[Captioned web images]
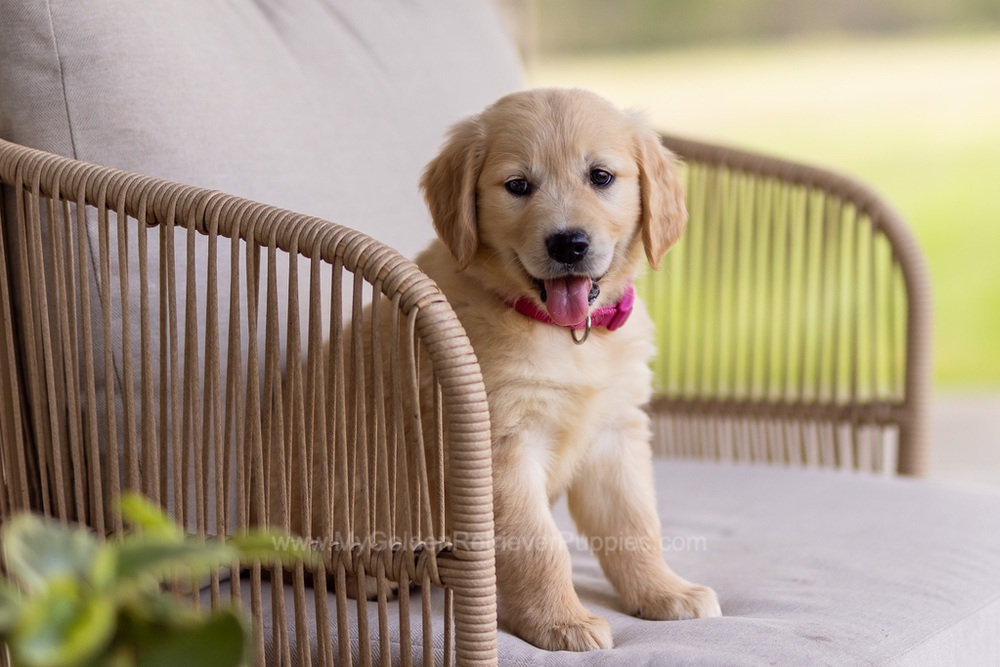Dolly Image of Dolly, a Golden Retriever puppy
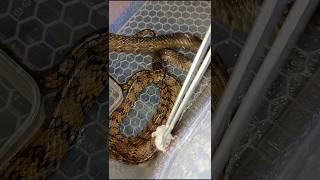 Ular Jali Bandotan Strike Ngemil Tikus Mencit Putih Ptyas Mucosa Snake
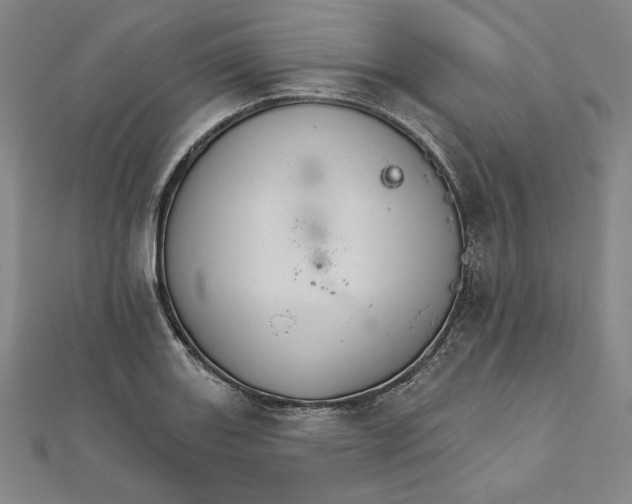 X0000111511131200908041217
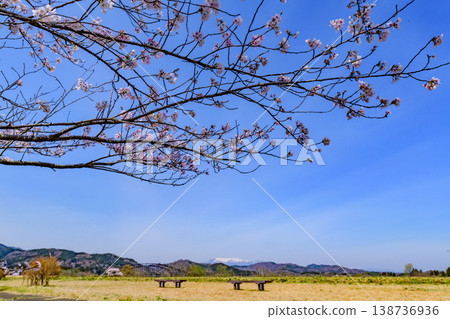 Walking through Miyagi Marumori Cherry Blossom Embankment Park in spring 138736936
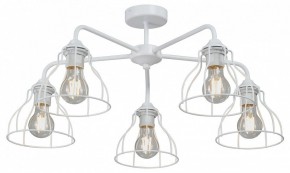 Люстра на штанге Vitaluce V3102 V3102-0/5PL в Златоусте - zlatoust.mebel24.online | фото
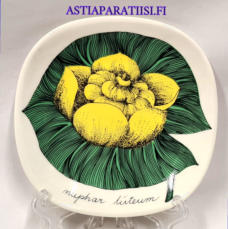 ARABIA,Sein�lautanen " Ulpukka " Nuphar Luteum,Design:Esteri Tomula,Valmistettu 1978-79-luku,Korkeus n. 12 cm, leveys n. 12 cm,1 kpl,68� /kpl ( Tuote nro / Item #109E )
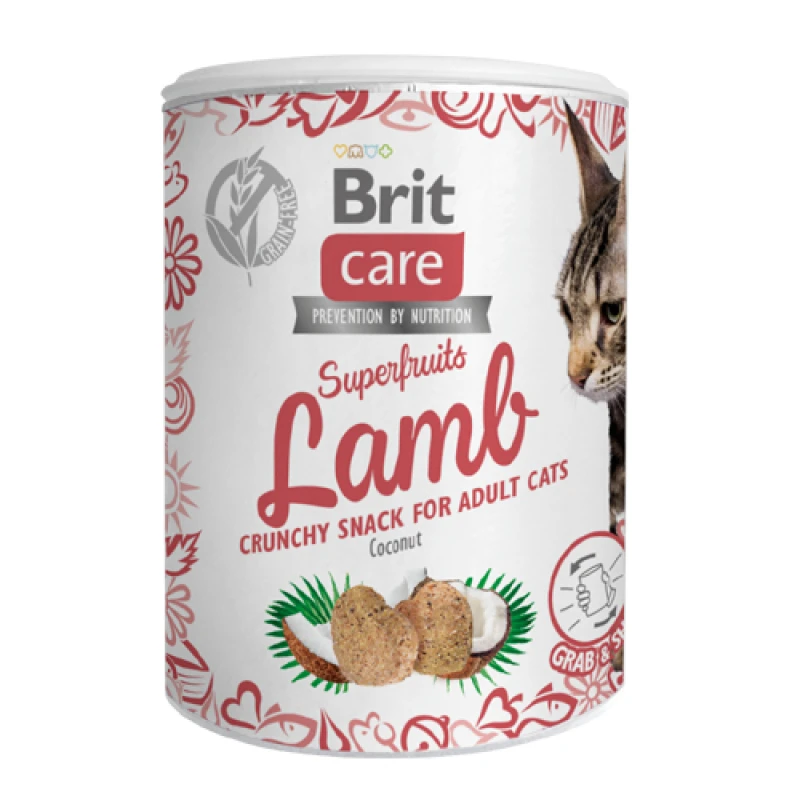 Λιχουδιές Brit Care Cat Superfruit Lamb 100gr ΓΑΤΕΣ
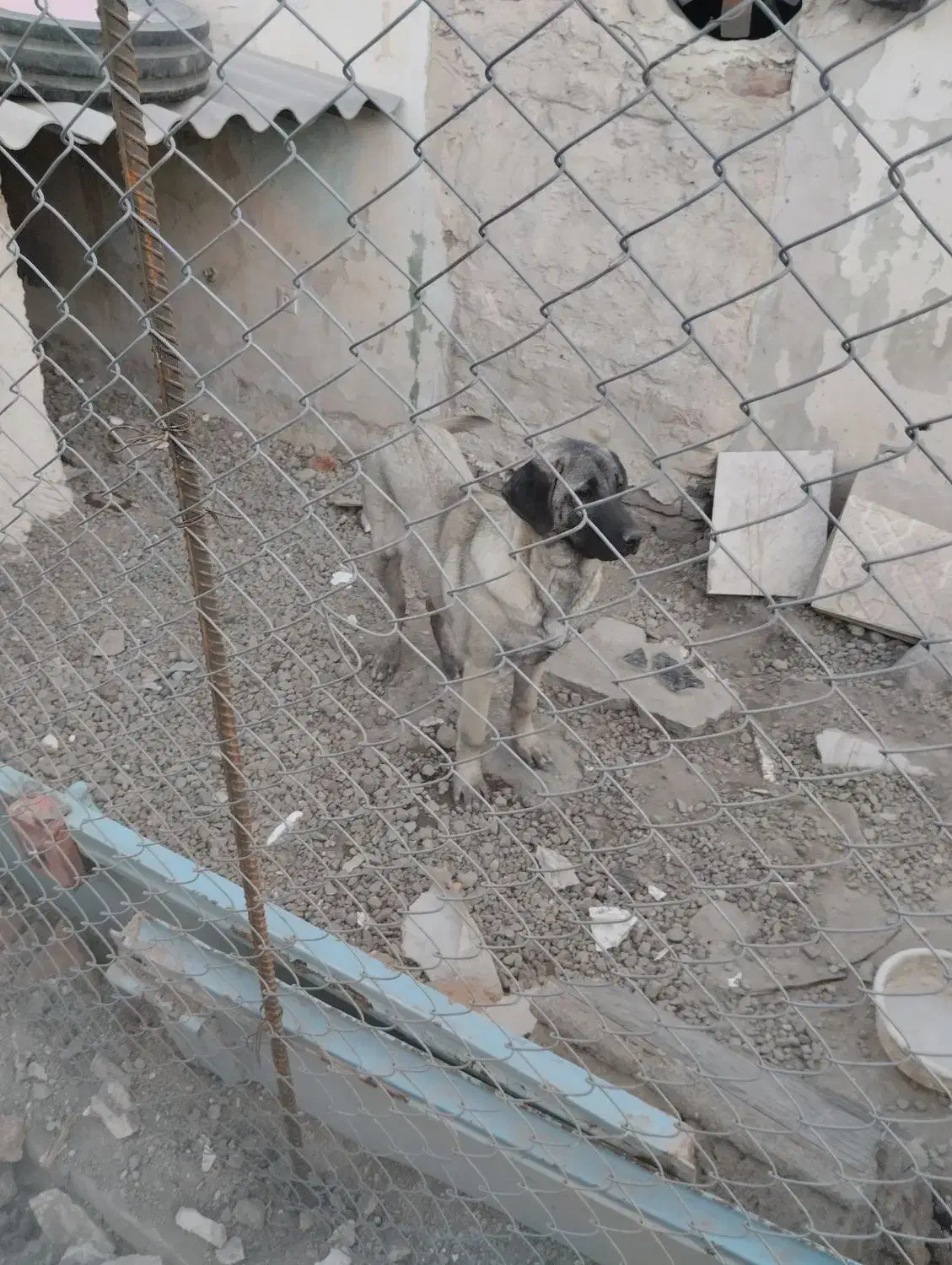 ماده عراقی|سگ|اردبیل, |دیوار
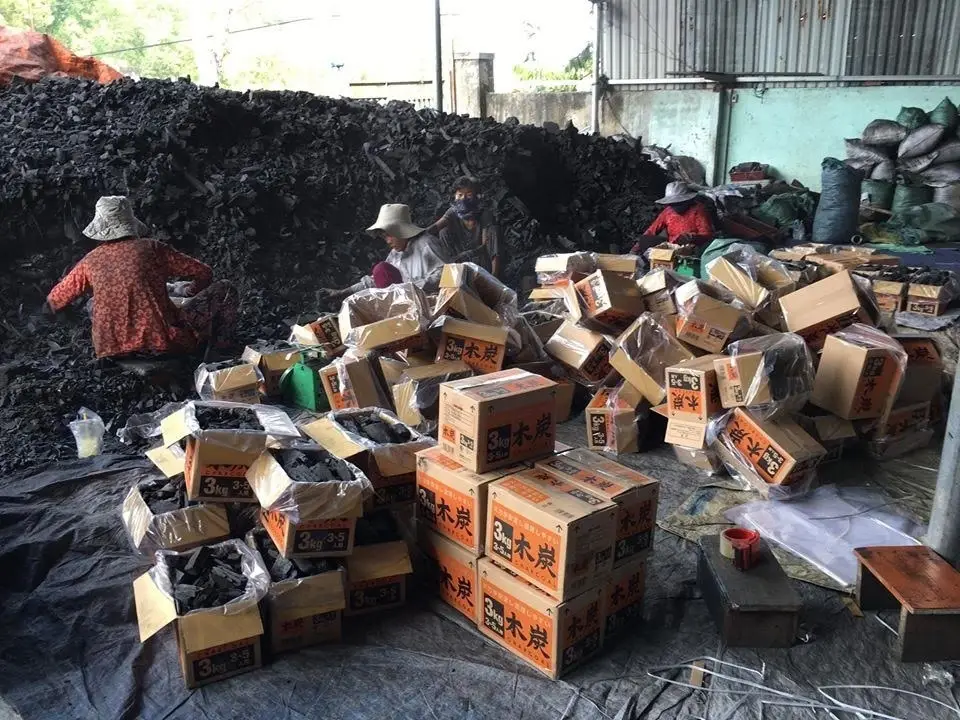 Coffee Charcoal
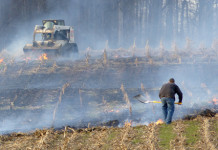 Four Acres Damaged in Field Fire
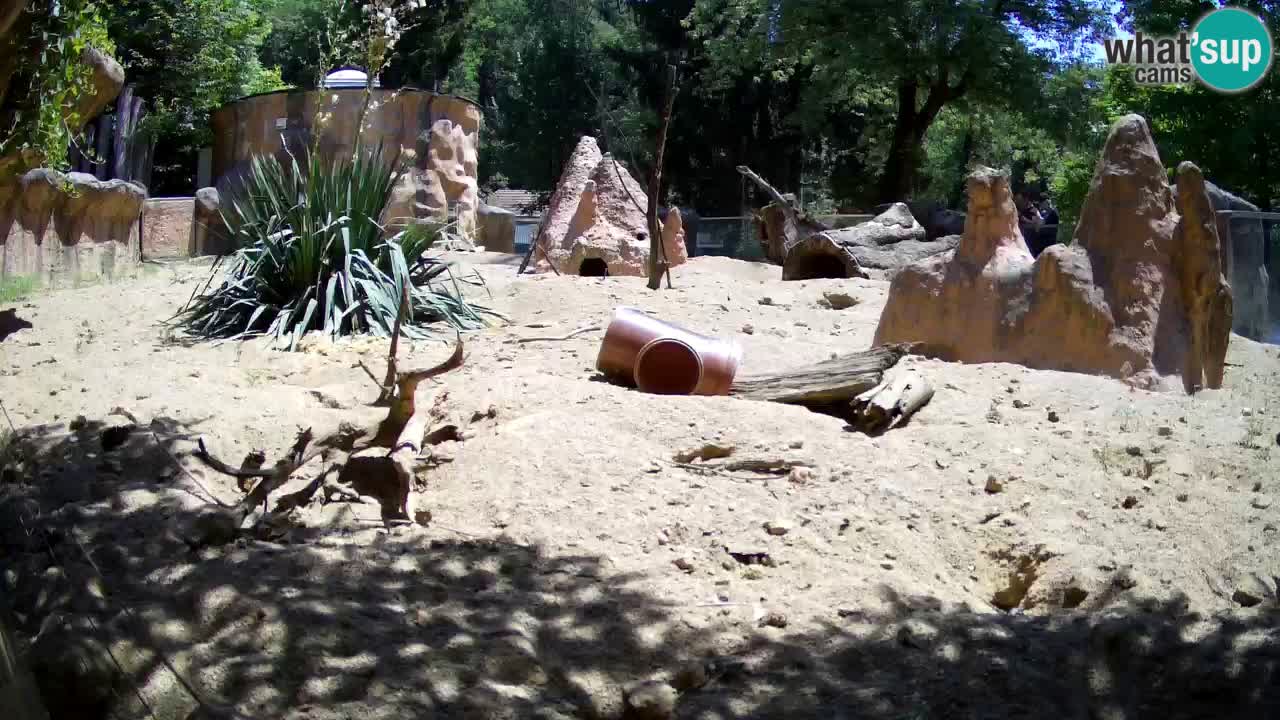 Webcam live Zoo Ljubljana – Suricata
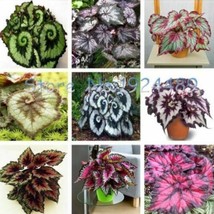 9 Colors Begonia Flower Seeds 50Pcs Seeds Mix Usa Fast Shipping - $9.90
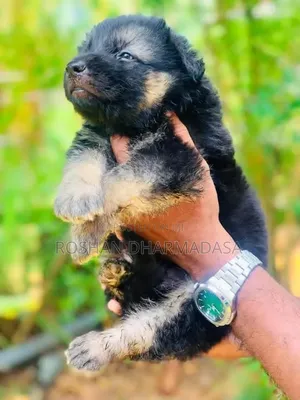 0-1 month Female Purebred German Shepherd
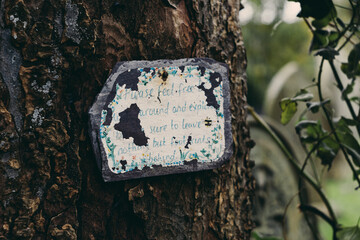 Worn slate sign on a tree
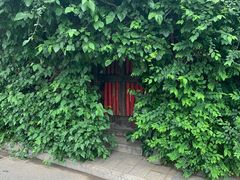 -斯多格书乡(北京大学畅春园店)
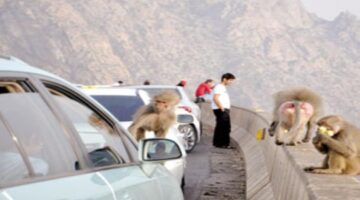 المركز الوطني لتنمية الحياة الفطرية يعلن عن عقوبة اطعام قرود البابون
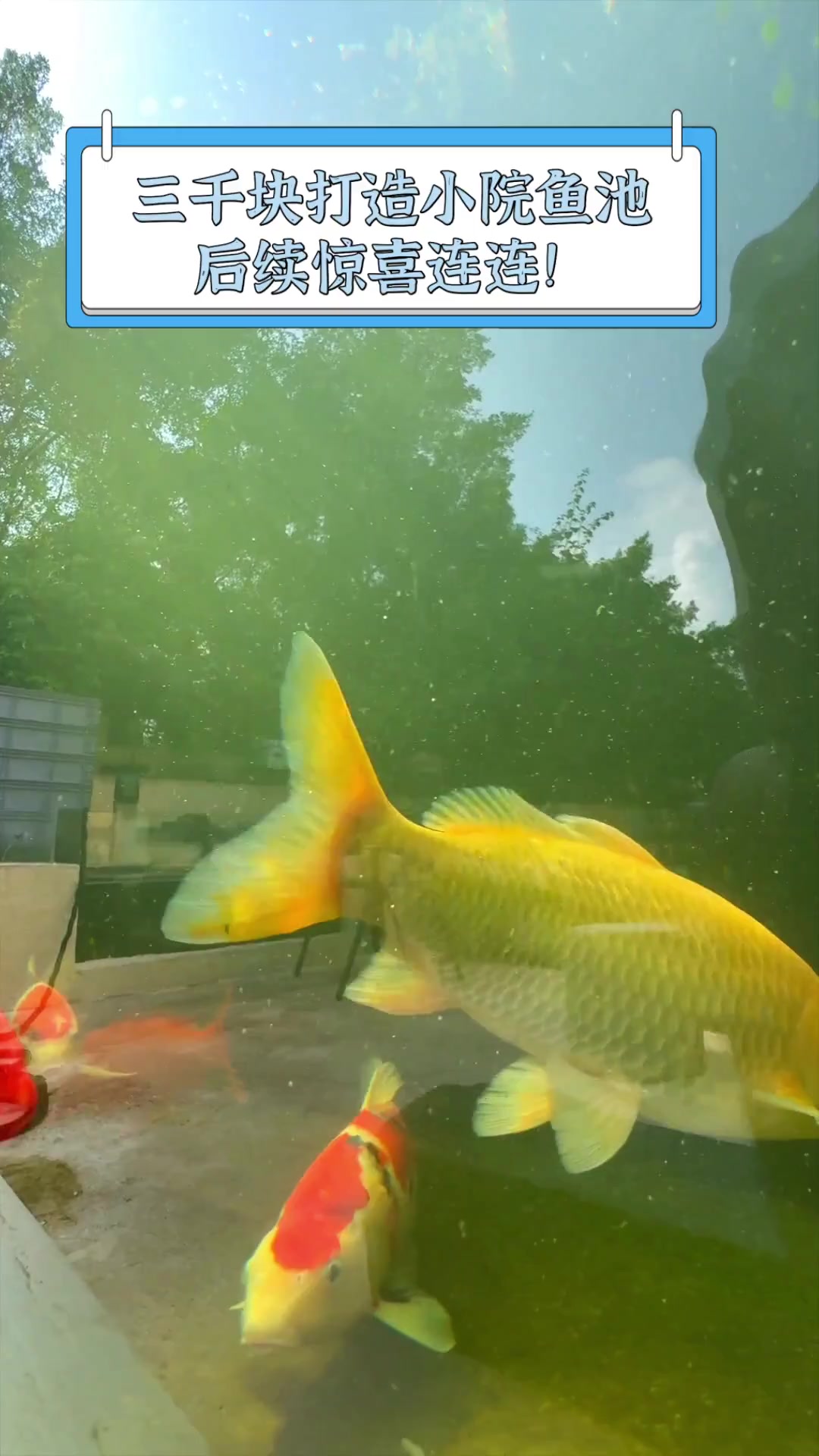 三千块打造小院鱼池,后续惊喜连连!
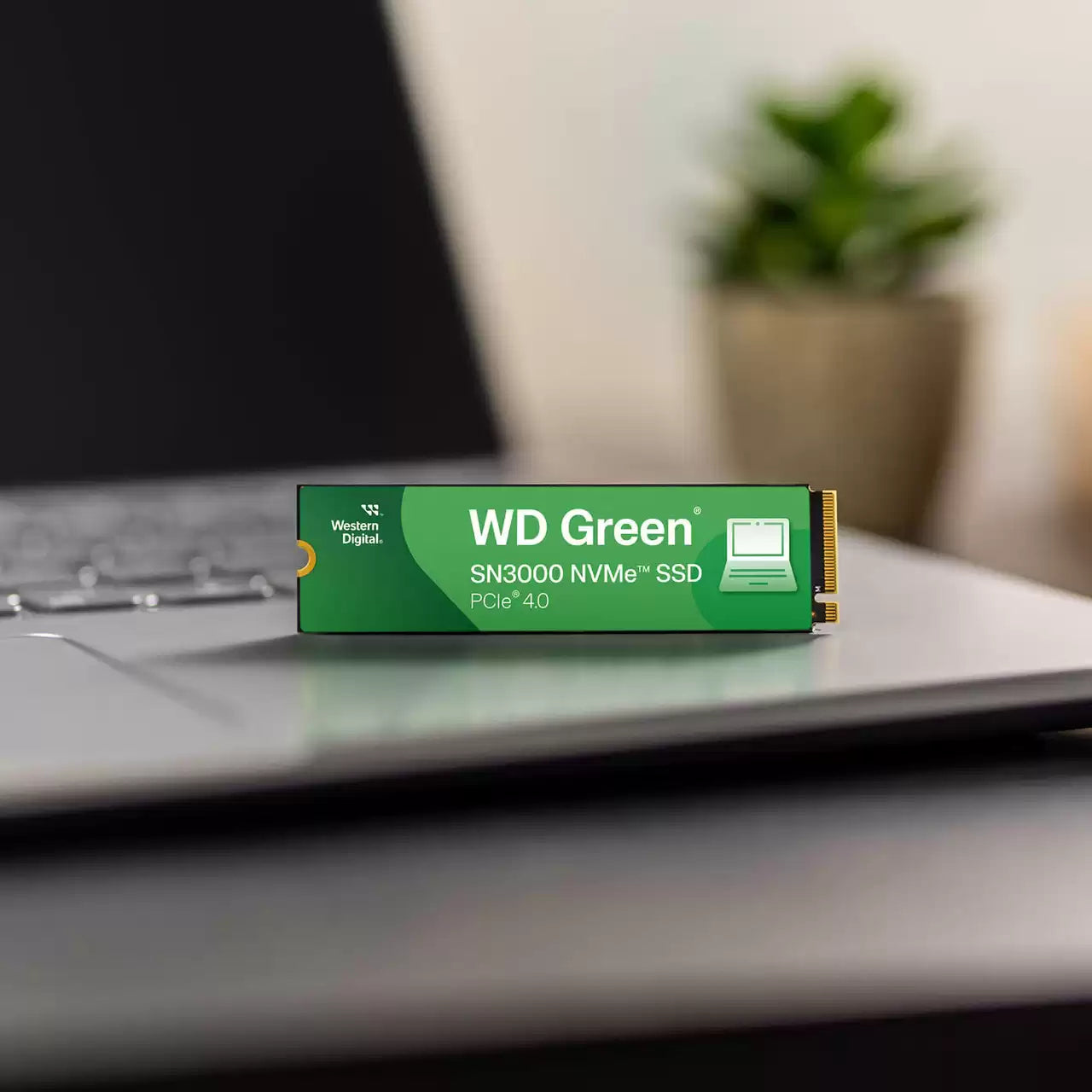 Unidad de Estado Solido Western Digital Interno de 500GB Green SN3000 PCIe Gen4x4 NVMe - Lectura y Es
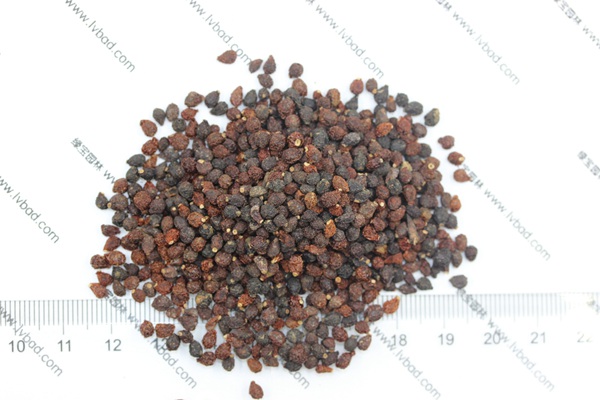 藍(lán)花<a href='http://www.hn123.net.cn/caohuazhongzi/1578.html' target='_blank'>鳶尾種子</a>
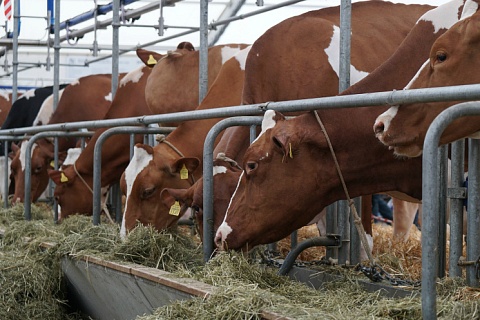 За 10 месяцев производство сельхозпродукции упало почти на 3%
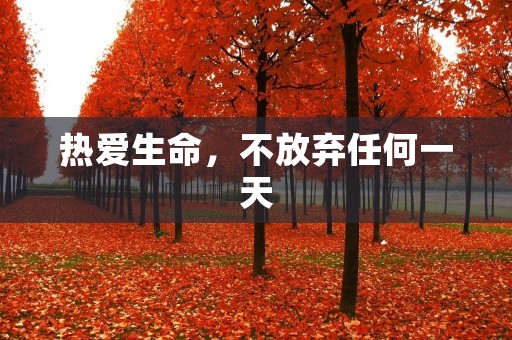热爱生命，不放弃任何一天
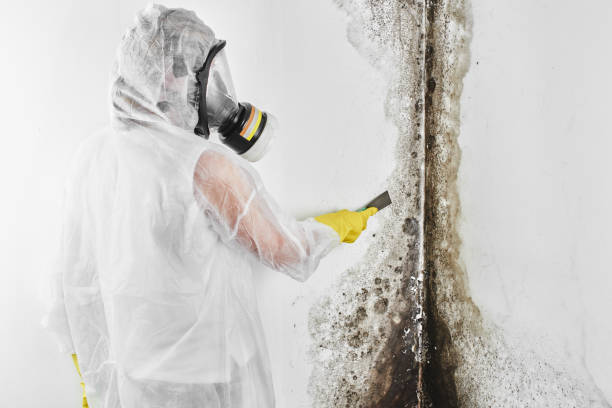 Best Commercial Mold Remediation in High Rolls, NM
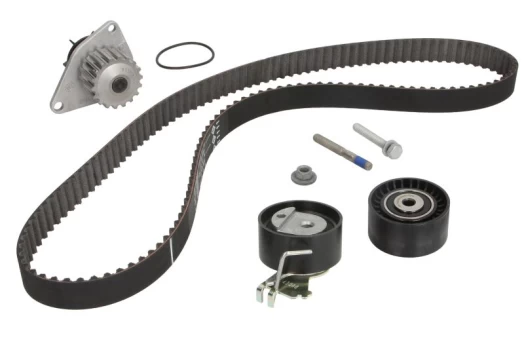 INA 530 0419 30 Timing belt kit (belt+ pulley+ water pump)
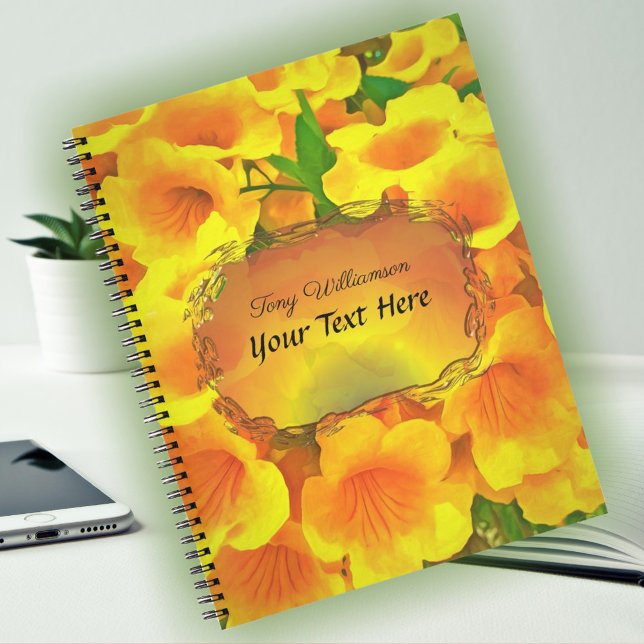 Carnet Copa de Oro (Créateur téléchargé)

> **About this task**
In the records above, find the line with "Unidad de Estado" and the line with "Best Commercial Mold"; please transcribe exactly those two lines and all lines between them, omitting any picture.

> **Output for this task**
 Unidad de Estado Solido Western Digital Interno de 500GB Green SN3000 PCIe Gen4x4 NVMe - Lectura y Es
 藍(lán)花<a href='http://www.hn123.net.cn/caohuazhongzi/1578.html' target='_blank'>鳶尾種子</a>
 За 10 месяцев производство сельхозпродукции упало почти на 3%
热爱生命，不放弃任何一天
 Best Commercial Mold Remediation in High Rolls, NM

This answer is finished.